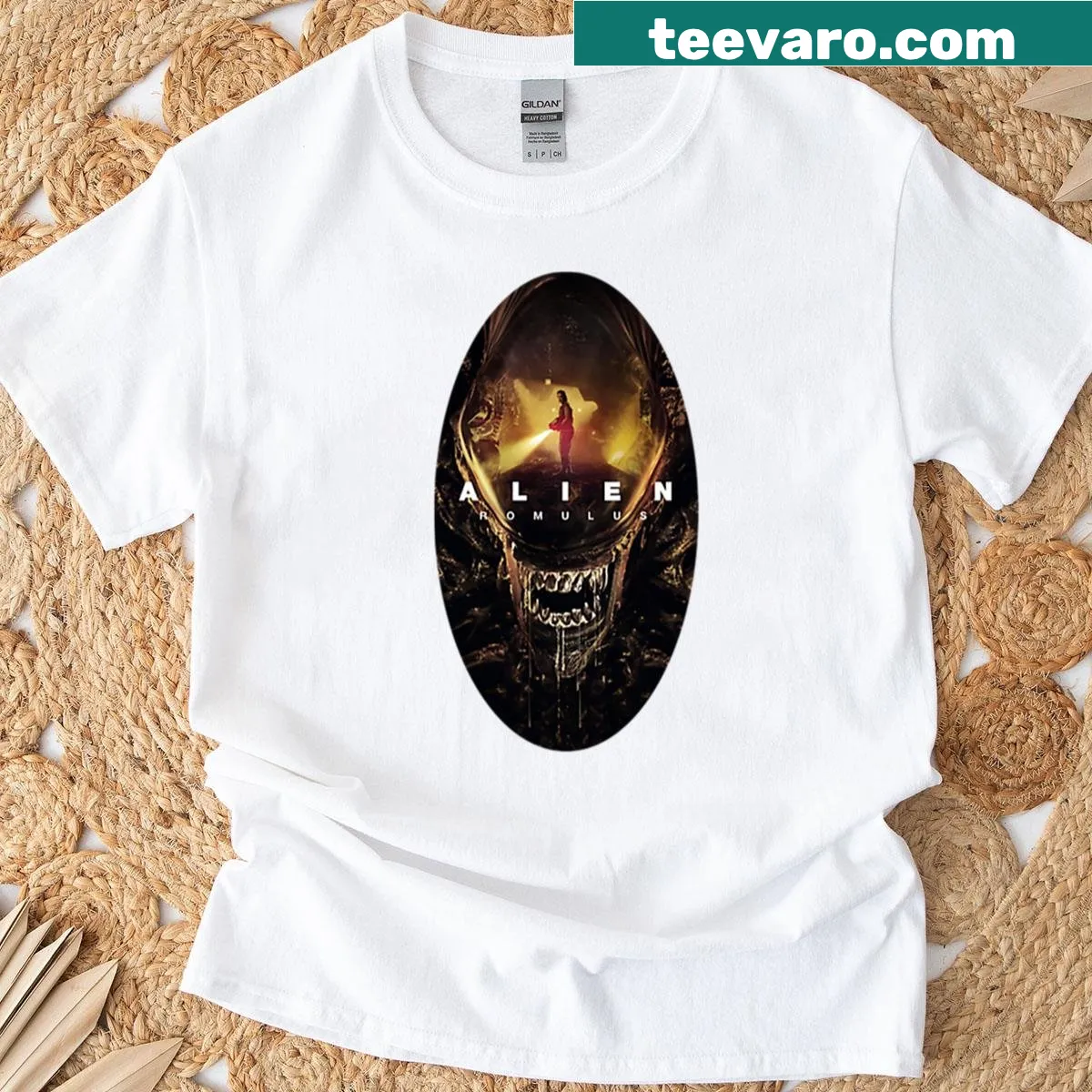 T-shirt with an oval design featuring a stylized alien graphic — on a men's t-shirt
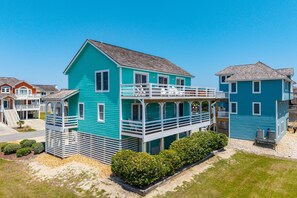 A two-story house with a balcony, a porch, and a small deck. - A Bbitt Beachy: Oceanside, Hot Tub, Community Pool, Easy Beach Access (Nags Head)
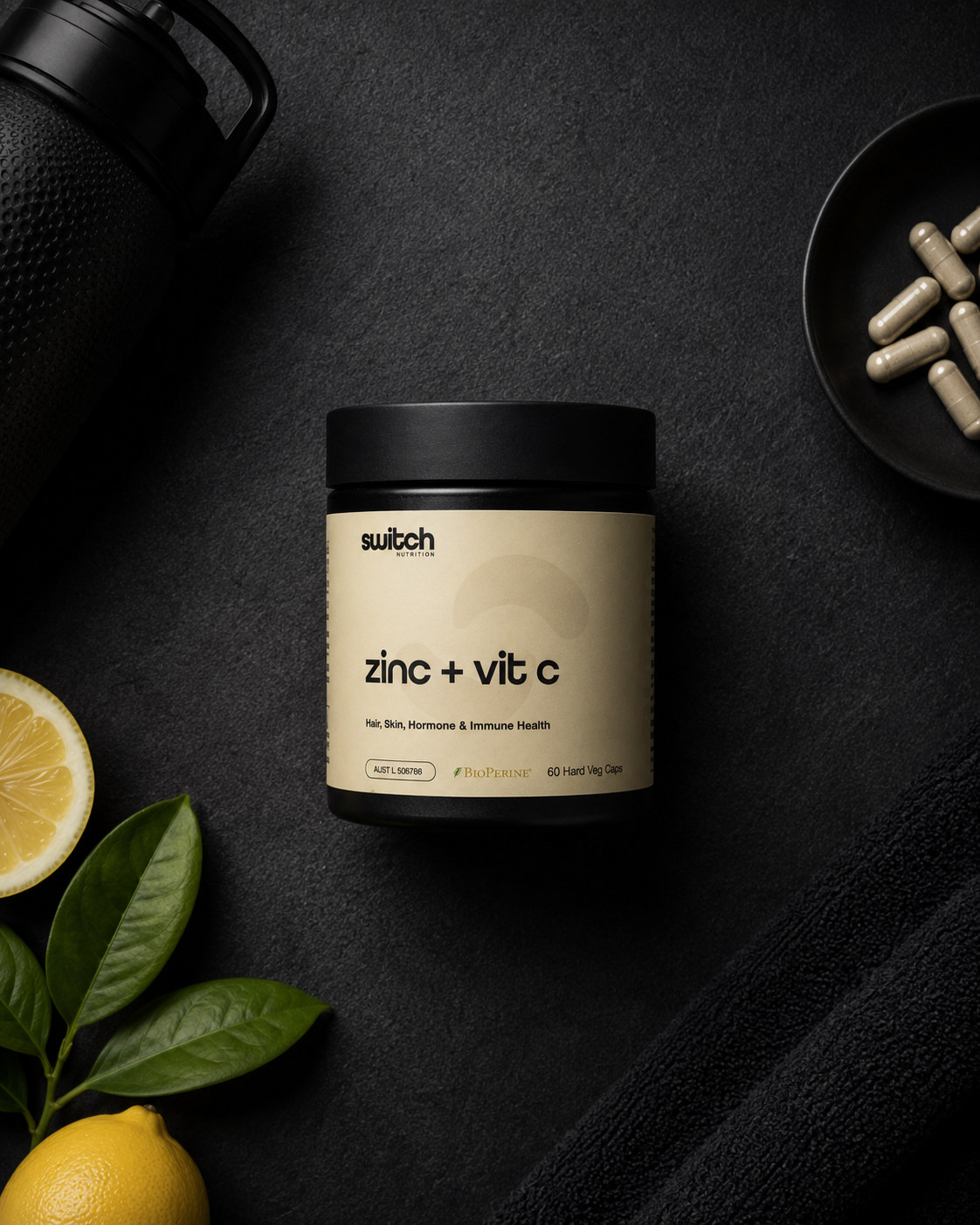 Supplement container labeled 'zinc + vit c' by 'switch' on a dark surface with lemons and leaves.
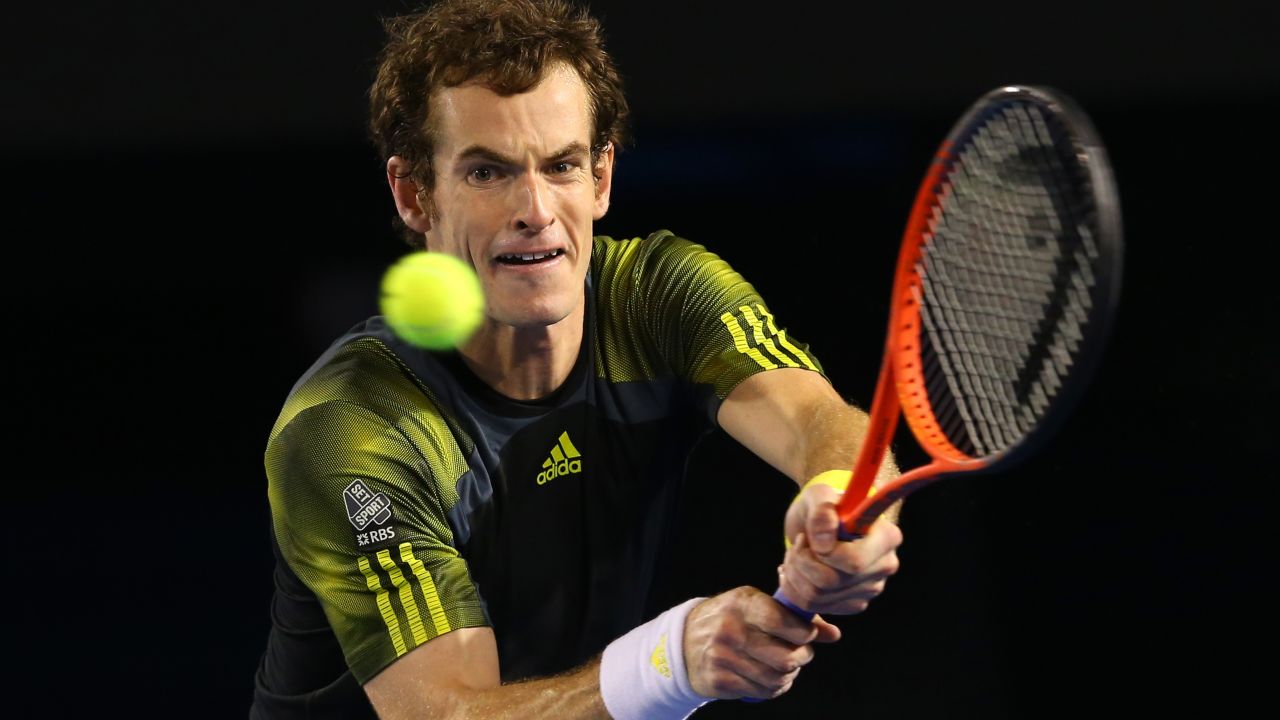 Andy Murray of Great Britain plays a backhand in his semifinal match against Roger Federer of Switzerland on January 25. Murray defeated Federer 6-4, 6-7 (5-7), 6-3, 6-7 (2-7), 6-2. 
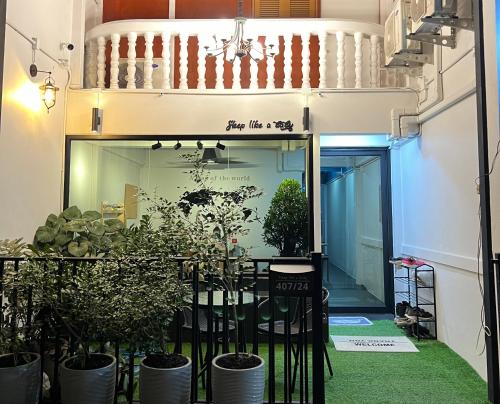 a corridor with potted plants in a building at Sleep like a baby Hostel Pattaya in Jomtien Beach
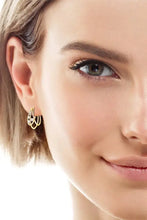 Woman’s face with 18k gold-plated sterling silver layered hoop earring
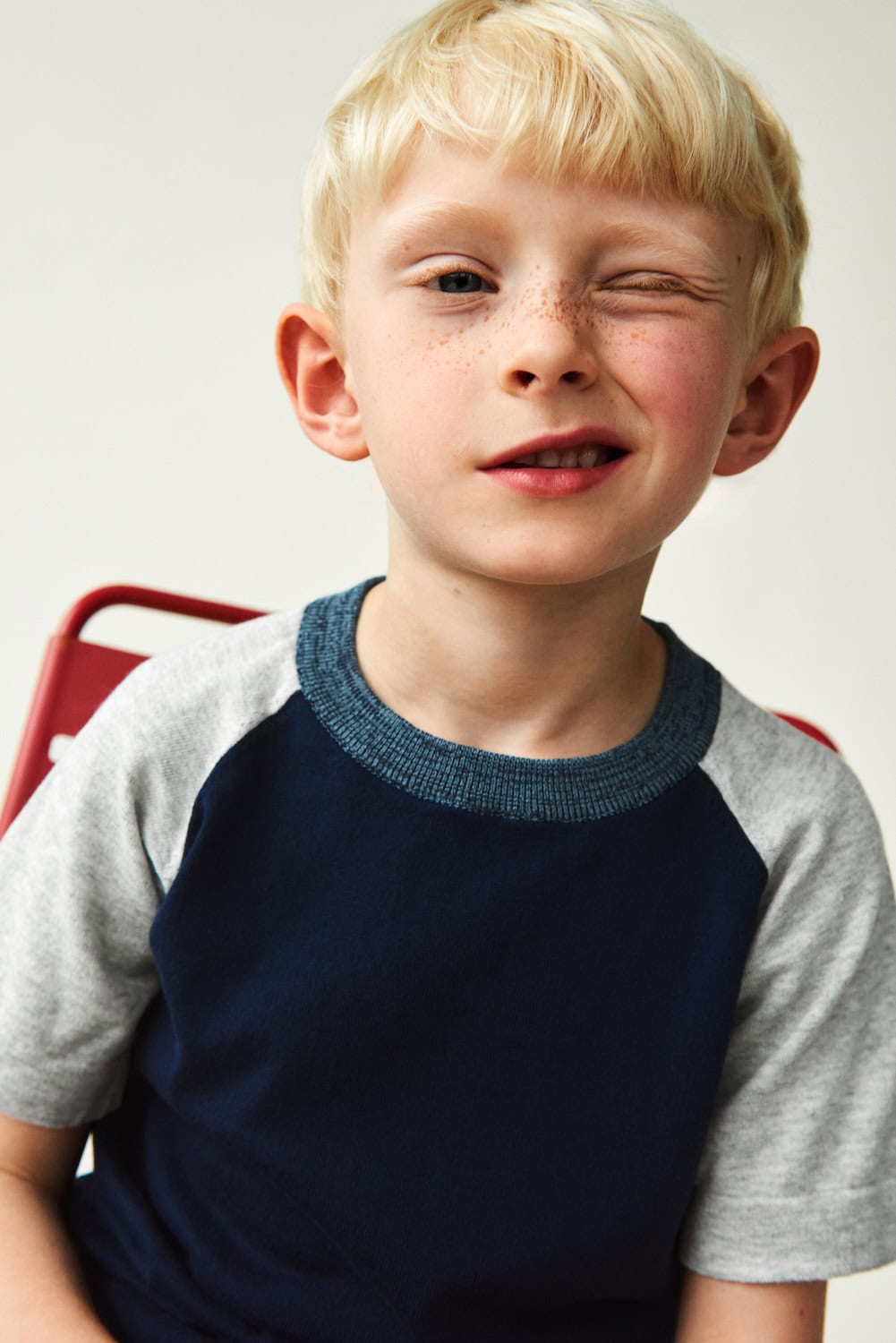 FUB Kids SS26 – close-up portrait of blond boy winking, wearing a navy and grey raglan knit top, playful studio moment, featured on Scimparello Magazine.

^^^^

**EXERCISE DIRECTIONS**
All records above need to be returned exactly. Omit the pictures.

**ANSWER FOR THE TASK**
 T-shirt with an oval design featuring a stylized alien graphic — on a men's t-shirt
 A two-story house with a balcony, a porch, and a small deck. - A Bbitt Beachy: Oceanside, Hot Tub, Community Pool, Easy Beach Access (Nags Head)
 Supplement container labeled 'zinc + vit c' by 'switch' on a dark surface with lemons and leaves.
 Andy Murray of Great Britain plays a backhand in his semifinal match against Roger Federer of Switzerland on January 25. Murray defeated Federer 6-4, 6-7 (5-7), 6-3, 6-7 (2-7), 6-2. 
 a corridor with potted plants in a building at Sleep like a baby Hostel Pattaya in Jomtien Beach
 Woman’s face with 18k gold-plated sterling silver layered hoop earring
 FUB Kids SS26 – close-up portrait of blond boy winking, wearing a navy and grey raglan knit top, playful studio moment, featured on Scimparello Magazine.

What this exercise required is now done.